After reporting this loss, and taking the bailout, AIG had the nerve to pay $165 million in bonuses. People were outraged, even issuing death threats against AIG CEO Edward Liddy.

However, these were not merit bonuses, based on performance. They were retention bonuses. The AIG employees were asked to stay and safely unwind the credit default swaps, whose markets have disappeared. These derivatives are so complicated that no one else really understands them. They are also time sensitive. Unfortunately, it will take the same level of sophistication to get out of this mess safely that it took to get into it. Letting these swaps fall apart could cost the U.S. government, which now owns 79% of AIG, much more than $165 million.

AIG CEO and Chair Edward Liddy was hired by the Federal Reserve for a $1 salary last October. He successfully supervised a difficult strategy that safely reduced many of the outstanding credit default swaps. This protected your ownership in the company as a taxpayer. It also protected your retirement portfolio, since many mutual funds and even money market funds had invested in AIG's swaps.

2012: U.S. Treasury Sold Last of AIG Stock, Making a Profits

In December 2012, the Treasury Department sold off the last of its remaining shares of AIG. In total, the government and taxpayers made a $23 billion profit from the AIG bailout. That's because AIG was worth a lot more in 2012 than it was in 2008. (Source: CNBC, Does the U.S. Treasury Own Capital Gains on AIG Profits?, December 11, 2012)

2015: AIG to Pay Nearly $1 Billion to Settle Shareholder Suit

pile of dollars
AIG paid hundreds of millions to shareholders.
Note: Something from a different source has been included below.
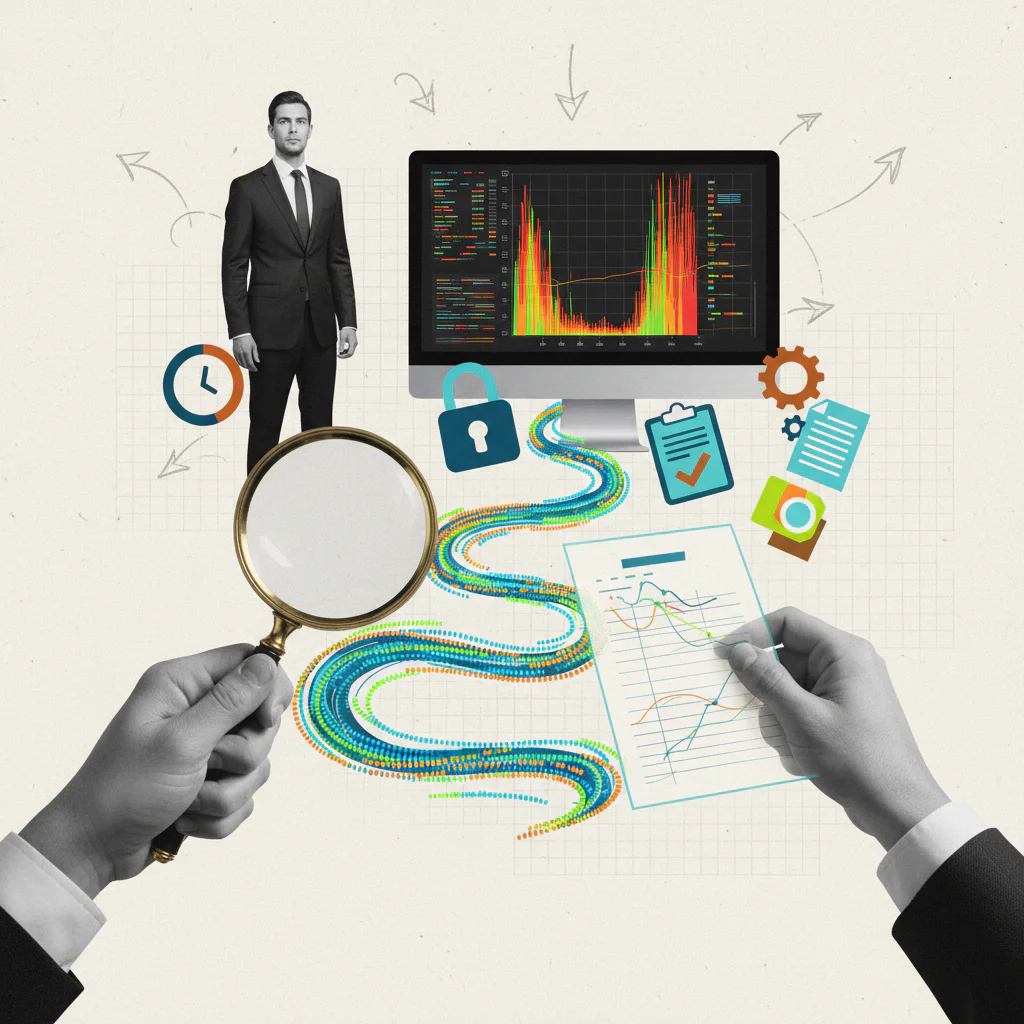What Makes a Good Audit Trail?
Photo: Getty Images

 AIG investors, led by the State of Michigan pension, accused the company of misleading shareholders about how risky the credit default swaps were that it issued. AIG agreed to pay $970.5 million to investors who bought AIG share between March 16, 2006, to September 16, 2008. This was one of the largest class-action settlements from the 2008 financial crisis. (Source: " AIG to Pay Nearly $1 Billion to Settle Class-Action Suite Brought by Shareholders," New York Times, March 22, 2015)

What Is AIG Insurance?

AIG (American International Group), with 116,000 employees, is one of the world's largest insurers. Most of its business is general life, auto, home, business and travel insurance, as well as retirement products like fixed and variable annuities.

It got into trouble when it moved beyond its traditional insurance business. The Financial Services division also got into aircraft and equipment leasing, capital markets, consumer finance and insurance premium finance. The Asset Management operations provided institutional and retail asset management, broker-dealer services and institutional spread-based investment business.